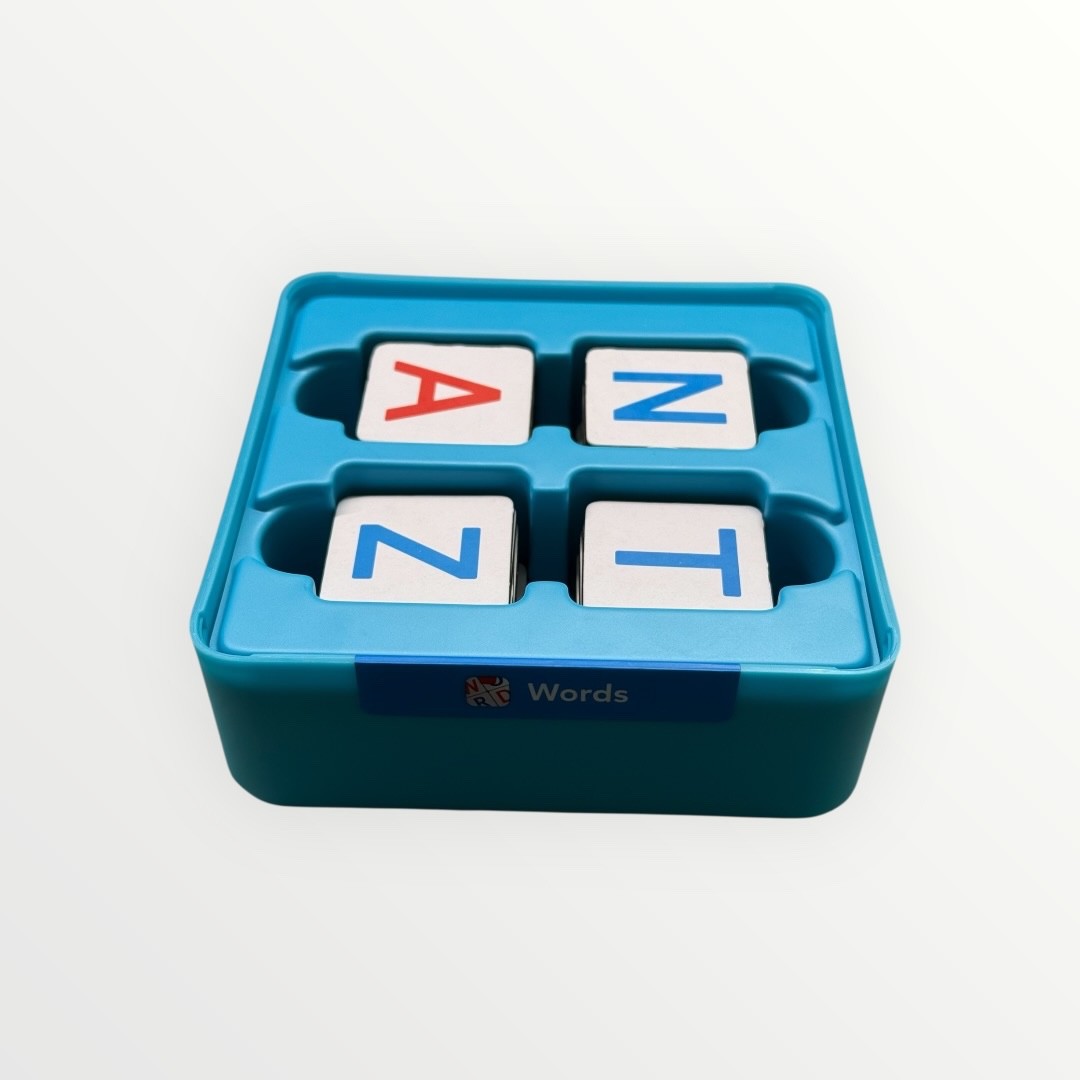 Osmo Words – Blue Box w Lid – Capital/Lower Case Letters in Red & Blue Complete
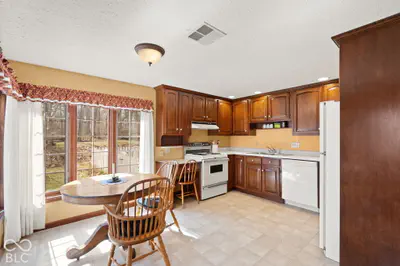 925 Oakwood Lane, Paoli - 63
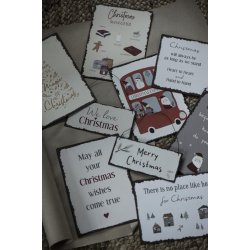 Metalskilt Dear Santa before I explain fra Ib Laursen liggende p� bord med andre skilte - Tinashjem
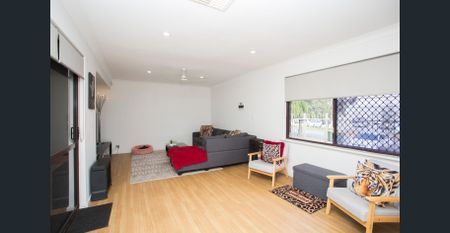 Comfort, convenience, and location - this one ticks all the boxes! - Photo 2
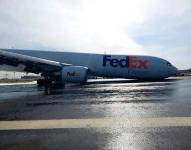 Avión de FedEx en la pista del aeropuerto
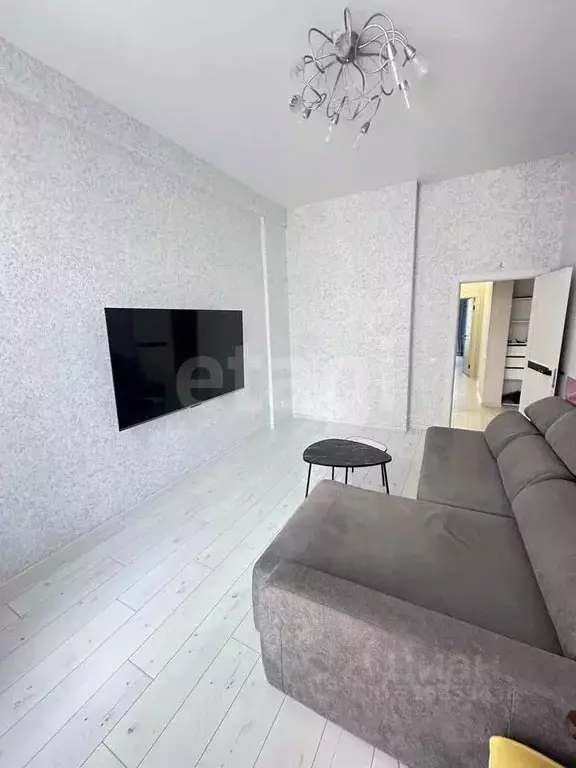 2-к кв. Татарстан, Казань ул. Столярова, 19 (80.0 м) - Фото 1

········

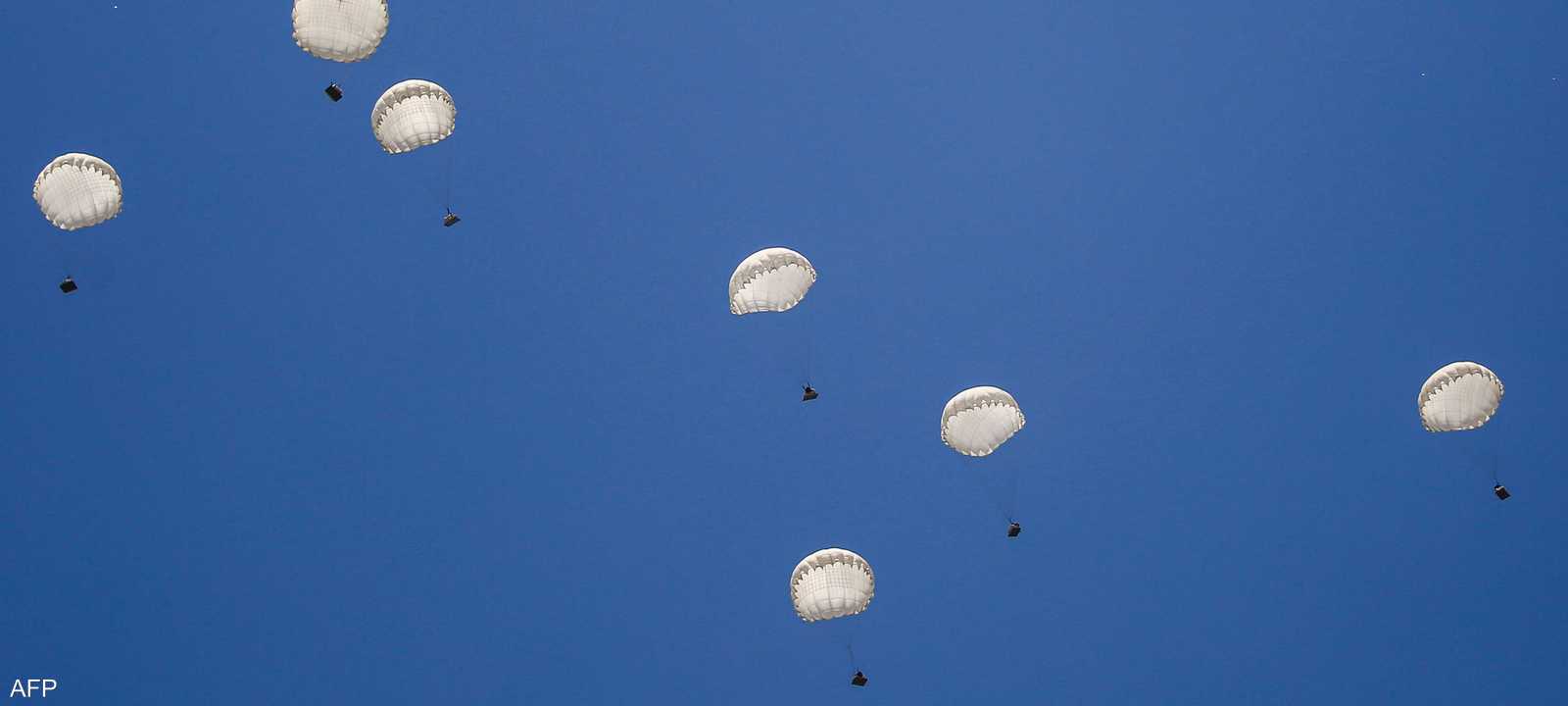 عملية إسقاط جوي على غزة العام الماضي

········

• DIRECTIONS FOR THIS TASK
Your answer must be everything above from the line with "Osmo Words –" down to the line with "2-к кв. Татарстан, Казань", word for word, and no pictures.

• ANSWER FOR THIS EXERCISE
 Osmo Words – Blue Box w Lid – Capital/Lower Case Letters in Red & Blue Complete
 925 Oakwood Lane, Paoli - 63
 Metalskilt Dear Santa before I explain fra Ib Laursen liggende p� bord med andre skilte - Tinashjem
 Comfort, convenience, and location - this one ticks all the boxes! - Photo 2
 Avión de FedEx en la pista del aeropuerto
 2-к кв. Татарстан, Казань ул. Столярова, 19 (80.0 м) - Фото 1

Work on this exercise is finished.